Material provided:
-=-=-=-=-

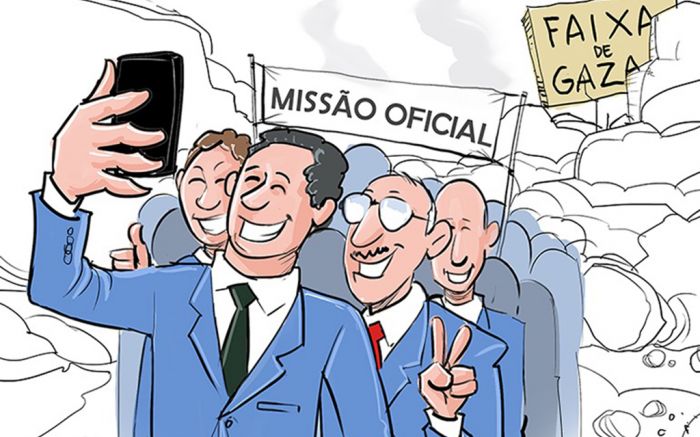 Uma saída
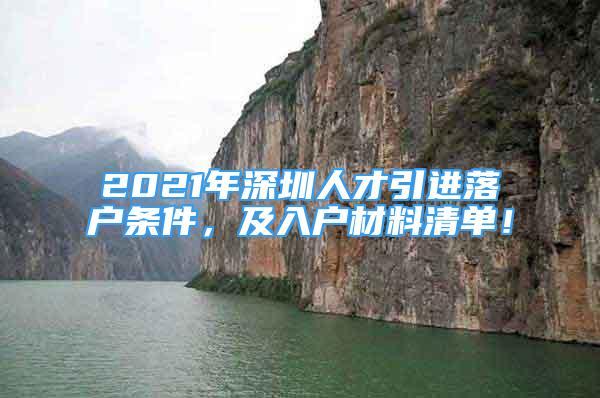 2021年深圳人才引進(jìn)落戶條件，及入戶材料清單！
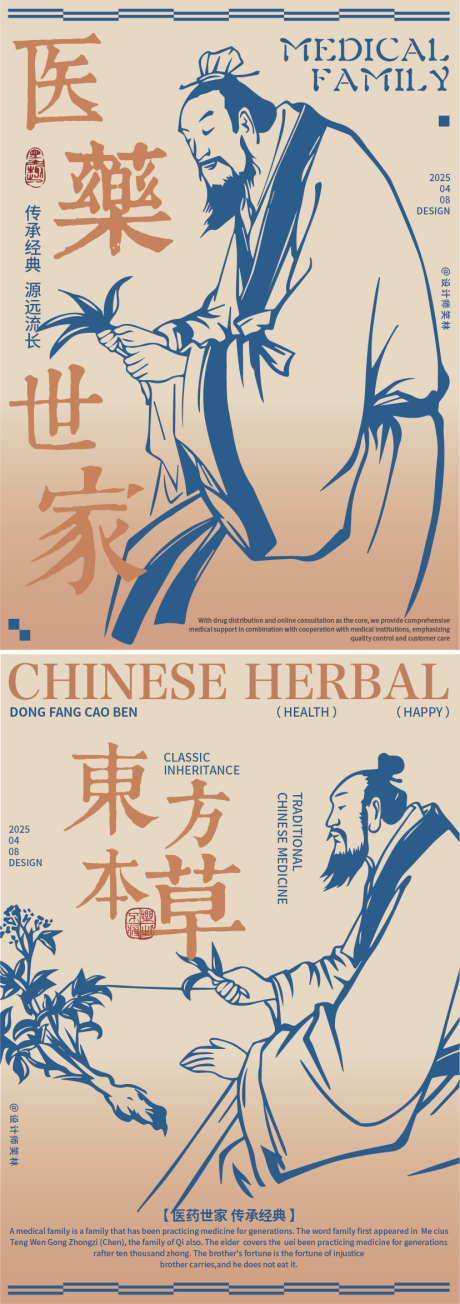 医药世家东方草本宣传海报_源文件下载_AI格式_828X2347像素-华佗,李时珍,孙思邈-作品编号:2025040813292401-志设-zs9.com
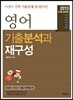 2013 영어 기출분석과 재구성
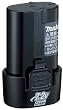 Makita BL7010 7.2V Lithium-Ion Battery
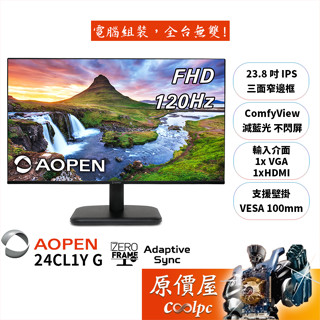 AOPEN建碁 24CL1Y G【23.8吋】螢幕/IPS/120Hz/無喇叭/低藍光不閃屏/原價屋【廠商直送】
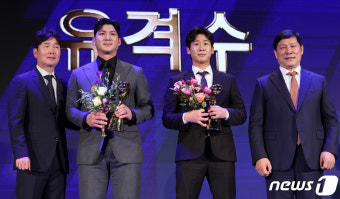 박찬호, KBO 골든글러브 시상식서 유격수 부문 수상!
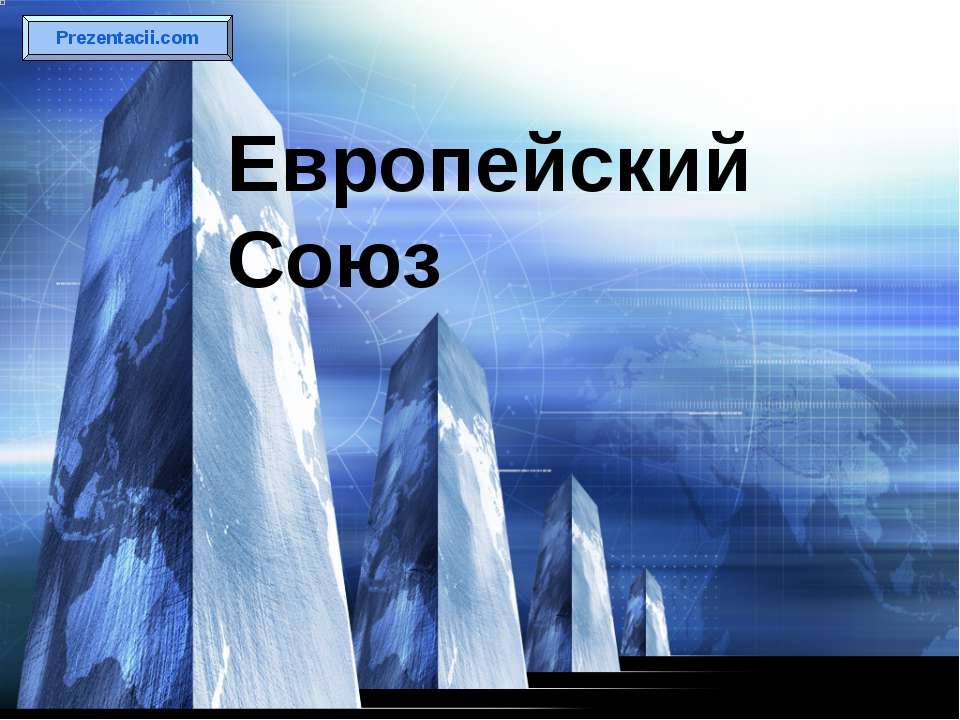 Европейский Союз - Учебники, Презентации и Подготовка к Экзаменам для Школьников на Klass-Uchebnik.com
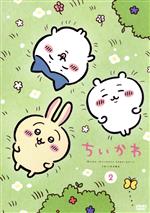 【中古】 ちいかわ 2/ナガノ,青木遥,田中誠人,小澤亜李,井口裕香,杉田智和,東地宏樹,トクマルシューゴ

-=-=-=-=-

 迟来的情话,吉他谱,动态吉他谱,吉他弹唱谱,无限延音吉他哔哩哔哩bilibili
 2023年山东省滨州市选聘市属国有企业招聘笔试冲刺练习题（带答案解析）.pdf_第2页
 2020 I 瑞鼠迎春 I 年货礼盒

-=-=-=-=-

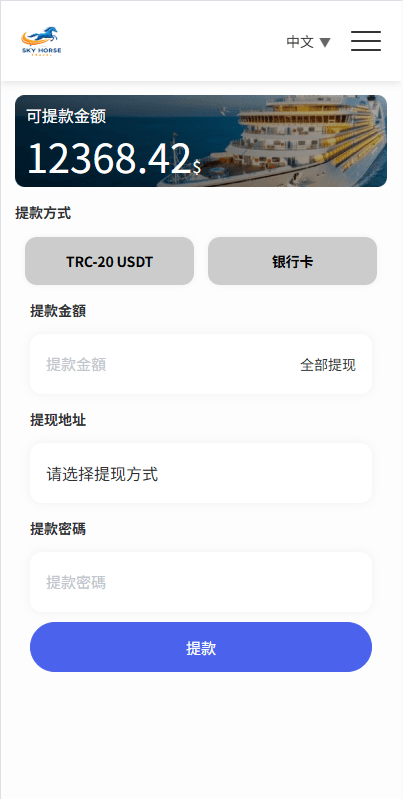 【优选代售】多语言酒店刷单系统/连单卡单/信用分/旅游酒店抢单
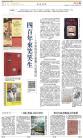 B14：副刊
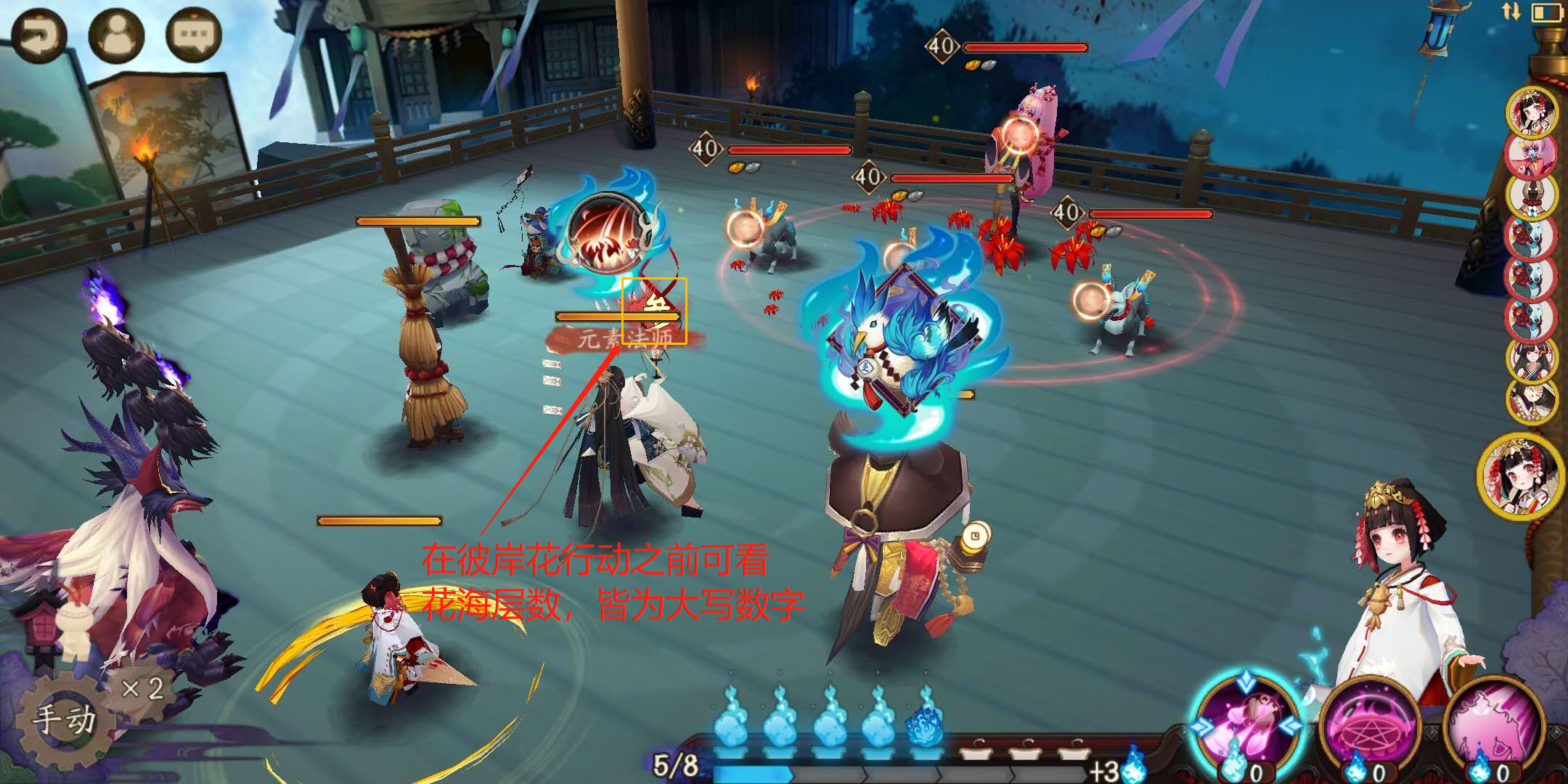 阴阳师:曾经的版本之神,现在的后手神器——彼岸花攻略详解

-=-=-=-=-

Required action: In the listing above, find the line with "医药世家东方草本宣传海报_源" and the line with "Европейский Союз - Учебники, Презентации". Set down both and every line between them, minus the pictures.

Answer for this exercise:
 医药世家东方草本宣传海报_源文件下载_AI格式_828X2347像素-华佗,李时珍,孙思邈-作品编号:2025040813292401-志设-zs9.com
 2013 영어 기출분석과 재구성
 Makita BL7010 7.2V Lithium-Ion Battery
 AOPEN建碁 24CL1Y G【23.8吋】螢幕/IPS/120Hz/無喇叭/低藍光不閃屏/原價屋【廠商直送】
 박찬호, KBO 골든글러브 시상식서 유격수 부문 수상!
 Европейский Союз - Учебники, Презентации и Подготовка к Экзаменам для Школьников на Klass-Uchebnik.com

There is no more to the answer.